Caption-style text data
== Segment start ==
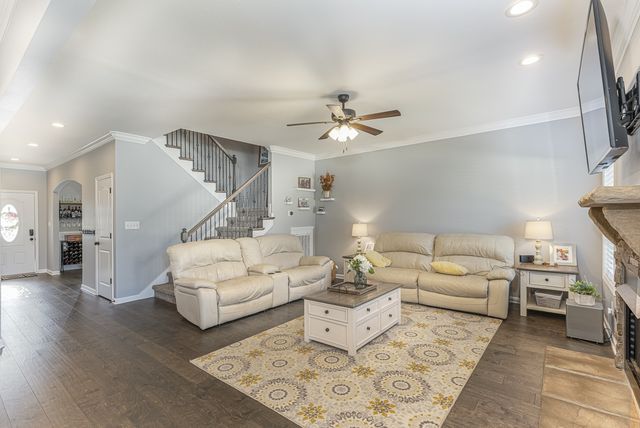 305 Winter Terrace Ln, Clarksville, TN 37040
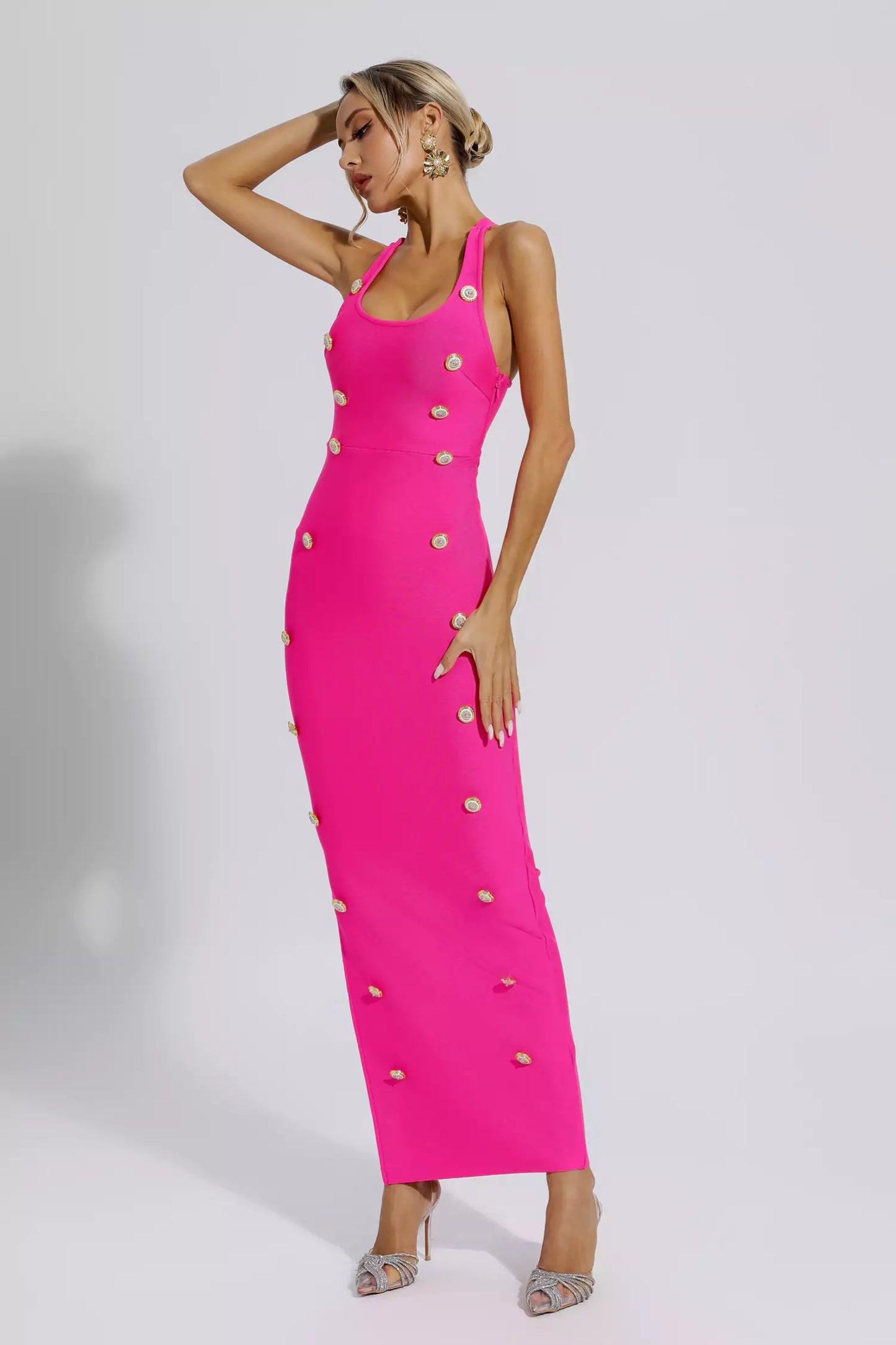 Effortlessly Elegant Dress with a Timeless Design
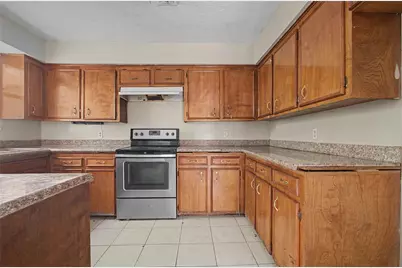 13119 Hollowcreek Park Drive, Houston, TX 77082 - Photo 11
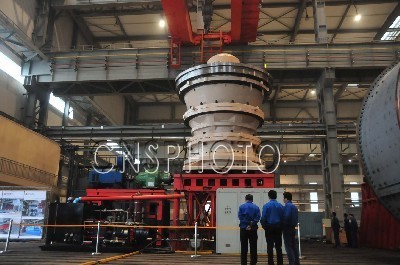 國內最大液壓旋回式破碎機在洛陽制造成功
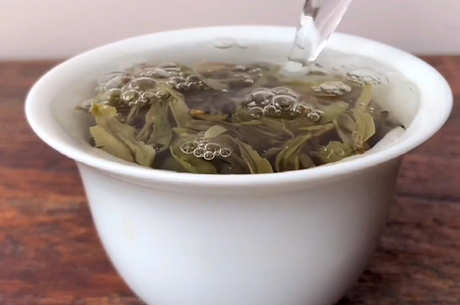瓷茶具适合冲泡什么茶？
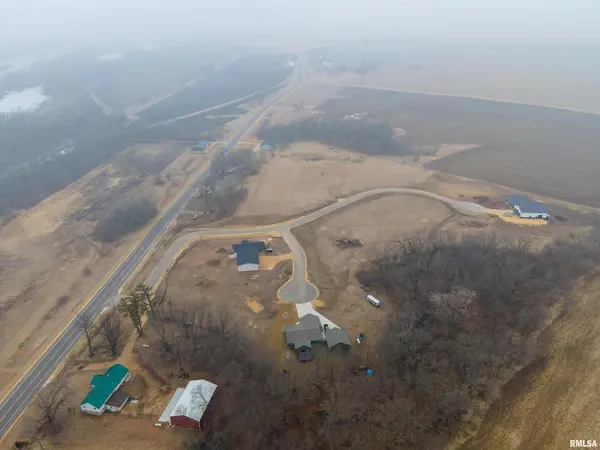 4038 ROCK CREEK CT, Camanche, IA 52730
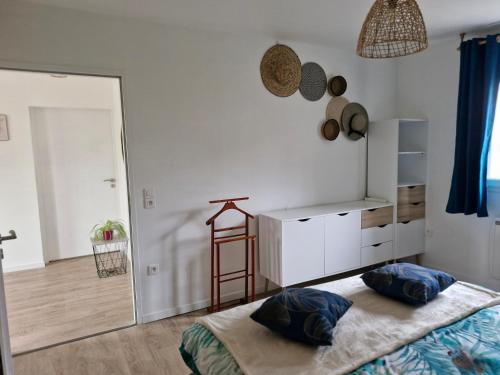 Ένα ή περισσότερα κρεβάτια σε δωμάτιο στο Hébergement 4 personnes au calme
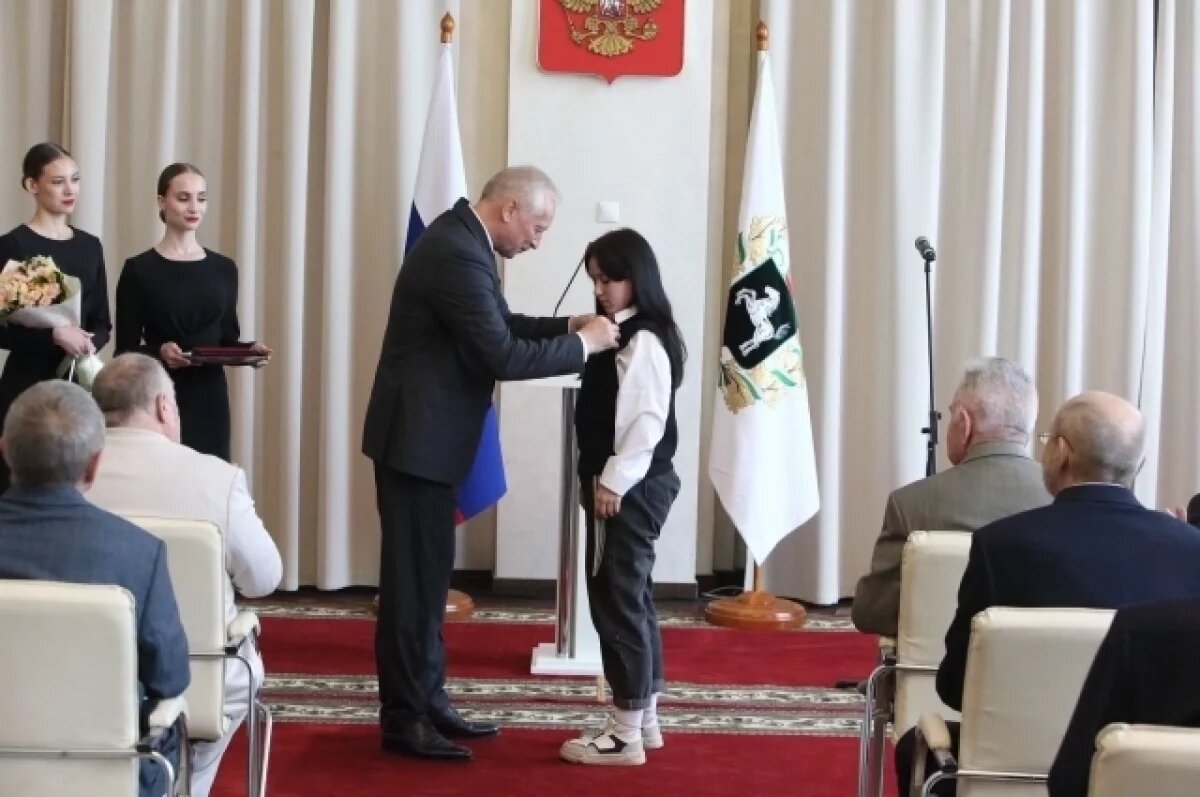    Томская область отметила лучших: губернатор вручил жителям госнаграды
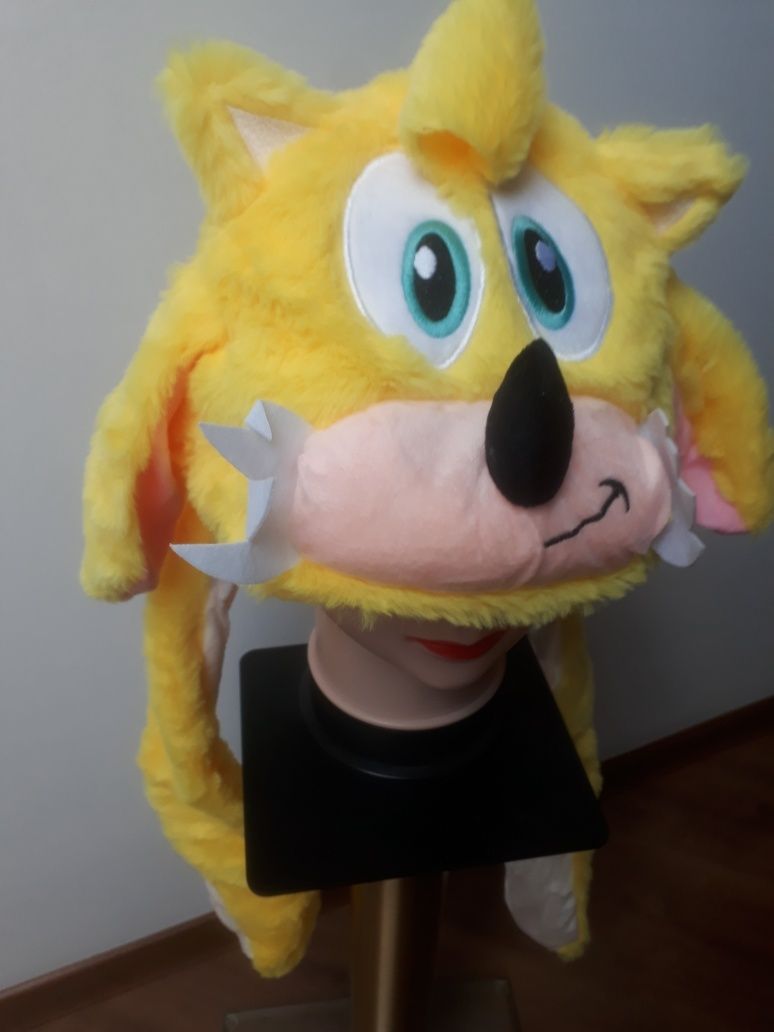 Czapka żółty Sonic ze świecącymi i podnoszącymi się uszami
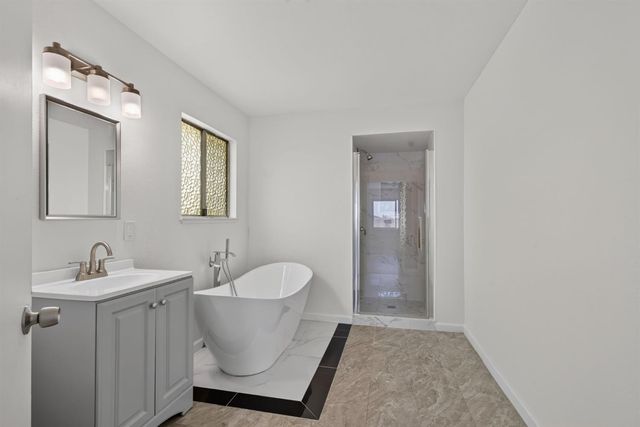 7725 McMullen Way, Sacramento, CA 95828
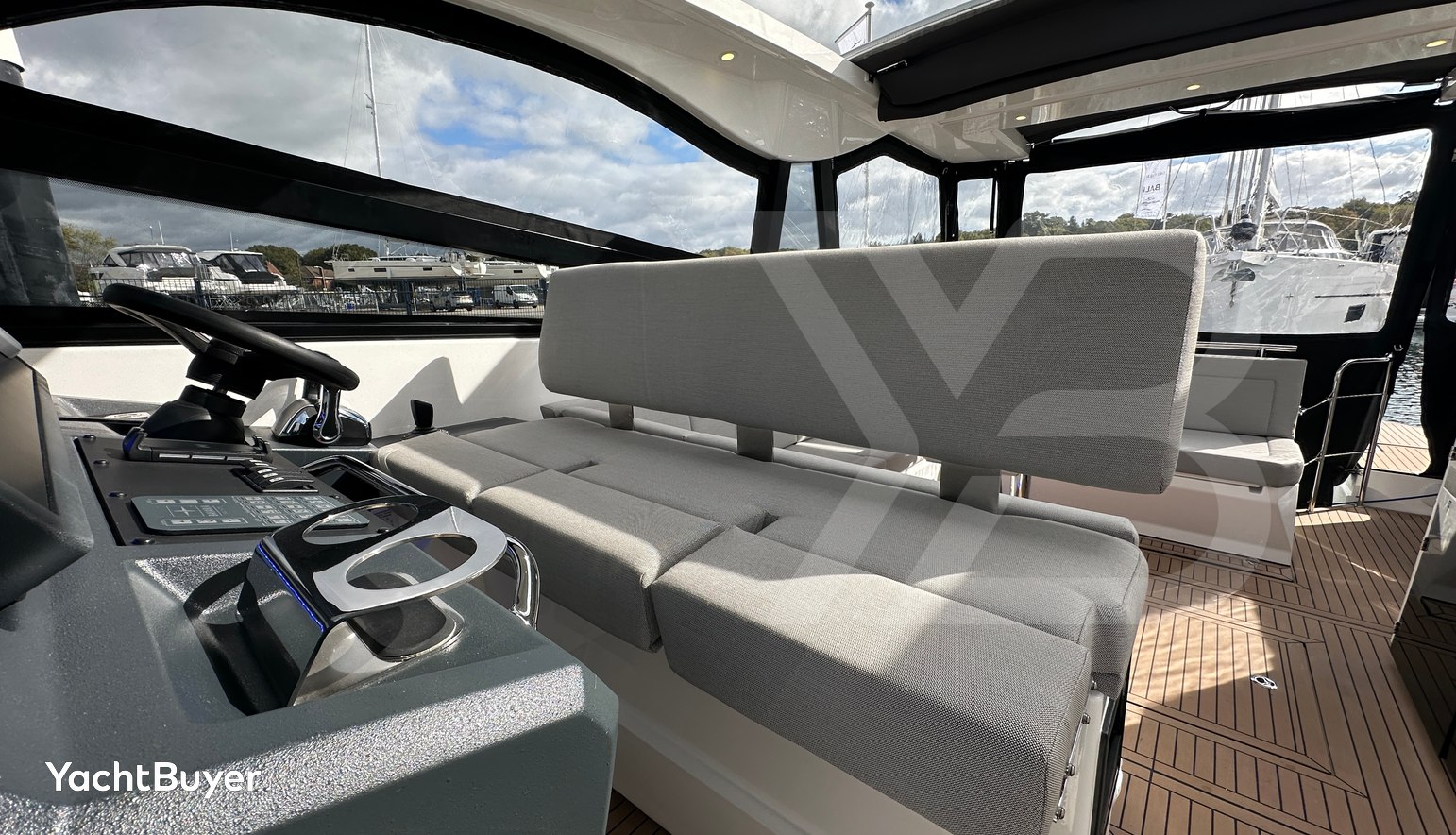 Bavaria Vida 33 Hard Top Layout 2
== Segment end ==
Work request> Transcribe the entries above verbatim, excluding any image.

Written answer>
 305 Winter Terrace Ln, Clarksville, TN 37040
 Effortlessly Elegant Dress with a Timeless Design
 13119 Hollowcreek Park Drive, Houston, TX 77082 - Photo 11
 國內最大液壓旋回式破碎機在洛陽制造成功
瓷茶具适合冲泡什么茶？
 4038 ROCK CREEK CT, Camanche, IA 52730
 Ένα ή περισσότερα κρεβάτια σε δωμάτιο στο Hébergement 4 personnes au calme
    Томская область отметила лучших: губернатор вручил жителям госнаграды
 Czapka żółty Sonic ze świecącymi i podnoszącymi się uszami
 7725 McMullen Way, Sacramento, CA 95828
 Bavaria Vida 33 Hard Top Layout 2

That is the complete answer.